3.12. Un año
- José Carlos Mariátegui
1En una madrugada como esta, madrugada de Catorce de Julio, madrugada de la Bastilla, madrugad aneblinosa y fría de invierno, le hablamos por primera vez a las gentes desde este papel impreso que andando los tiempos se ha hecho bandera, broquel y tizona.
Nosotros éramos entonces lo mismo que hoy, unos buenos chicos, sacerdotes intermitentes de la mala noche, escuderos de tal cual caballero andante cuya quimera nunca averiguamos, comentadores ora frívolos, ora graves, de las vulgaridades cotidianas, lectores burlones de los demás y de nosotros mismos y ahijados engreídos de la risueña malicia nacional.

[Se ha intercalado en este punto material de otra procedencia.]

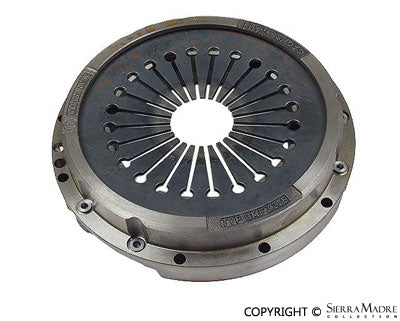 Clutch Cover, 911 (72-86) - Sierra Madre Collection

Nos habíamos pasado los años delante de una máquina Underwood que era nuestra amiga, nuestra amada, nuestra confidente, nuestra madrina y nuestra intérprete. Escribiendo en ella nos habíamos reído muchas veces de los hombres y de las cosas y nos habíamos imaginado que su teclado se reía con nosotros. Vivíamos felices porque nos imaginábamos que había en nosotros algo de la máquina de escribir yanqui y disciplinada y en la máquina de escribir algo de nosotros, criollos y desordenados.
Y repentinamente nos encontrábamos delante de una máquina nueva.

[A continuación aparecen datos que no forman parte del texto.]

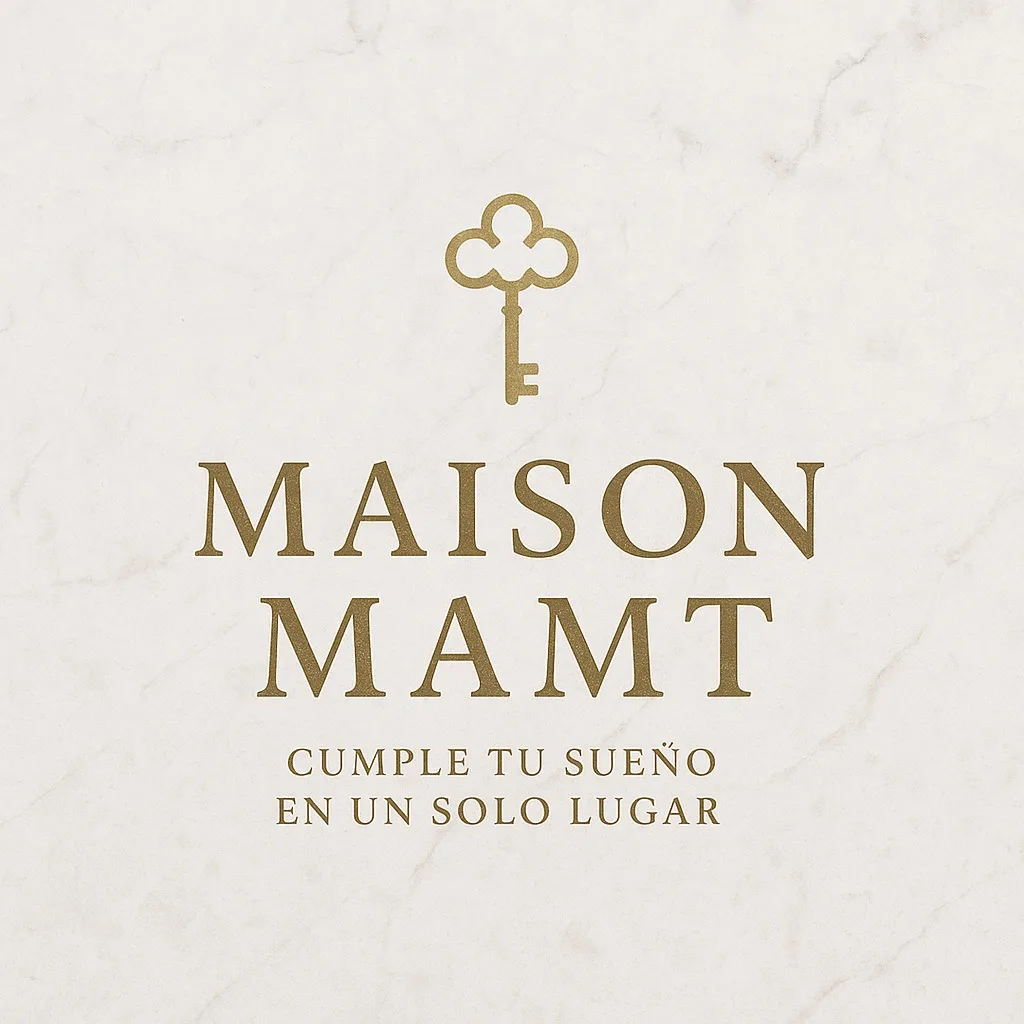 Maison MAMT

Pero era siempre una máquina Underwood y nos pareció la misma de antes.
Nos dijeron gravemente en la madrugada de ese catorce de julio pasado:
—¡Vamos a hablarle al país! Pongámosnos muy serios.

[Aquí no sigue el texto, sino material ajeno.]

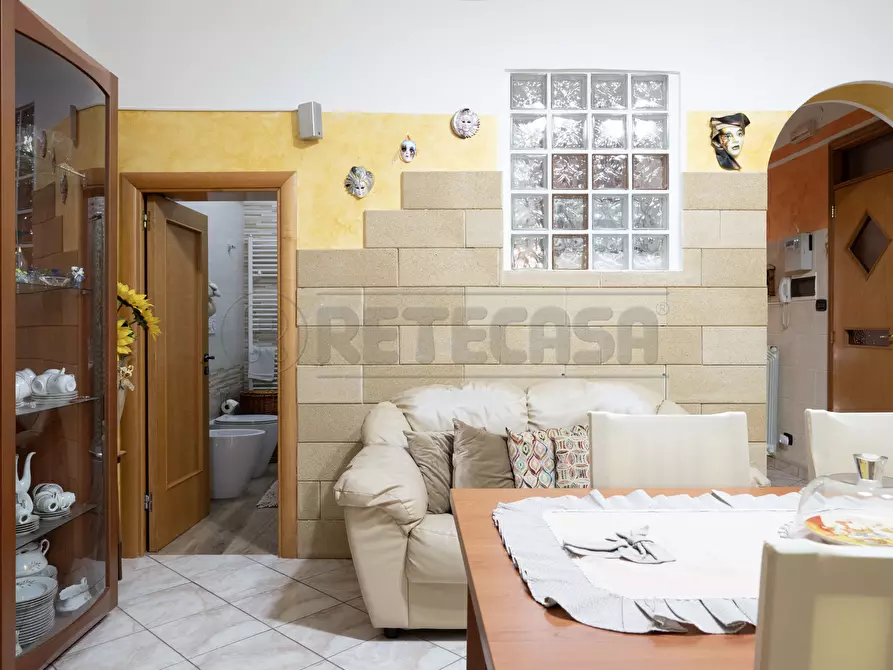 Immagine 12 di Trilocale in vendita  in Via Settembrini 8B a Nardo'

Y nosotros escribimos a nuestra manera, un rato con el alma llena de risa y otro rato con el alma llena de sueños.
Miramos al Palacio de Gobierno y encontramos en él al señor Pardo. Nos dimos cuenta de que el señor Pardo era presidente de la República. Y comprendimos entonces por qué estábamos hablándole al país y por qué teníamos que ponernos muy serios.
Y en esta madrugada que es para nosotros una madrugada de aniversario, de conmemoración y de efemérides, volvemos a ver en el Palacio de Gobierno al señor Pardo, más señor Pardo que hace un año, pero todavía presidente de la República.
También volvemos a ver al señor Riva Agüero. Recordamos lo que le hemos gritado en un año entero y nace en nuestro ánimo una sorpresa muy honda al sentirle todavía colaborador del señor Pardo.
Preguntamos a gritos en un ímpetu que nos hace dejar la máquina de escribir:
—¿Toda la vida nos van a gobernar este mismo señor Pardo y este mismo señor Riva Agüero?
Vibra en nuestra interrogación exasperada un anhelo impreciso que transige con la sustitución de este señor Pardo por otro señor Pardo y de este señor Riva Agüero por otro señor Riva Agüero.
Nos responden:
—El señor Riva Agüero se va muy pronto.
Y ha sido tan grande la energía de aquella interrogación que nos sentimos sin fuerzas para preguntar si no se va también el señor Pardo.
Pensamos luego en nosotros.
Nos sentimos un poco desesperanzados, tundidos y fatigados por las realidades de esta democracia mestiza.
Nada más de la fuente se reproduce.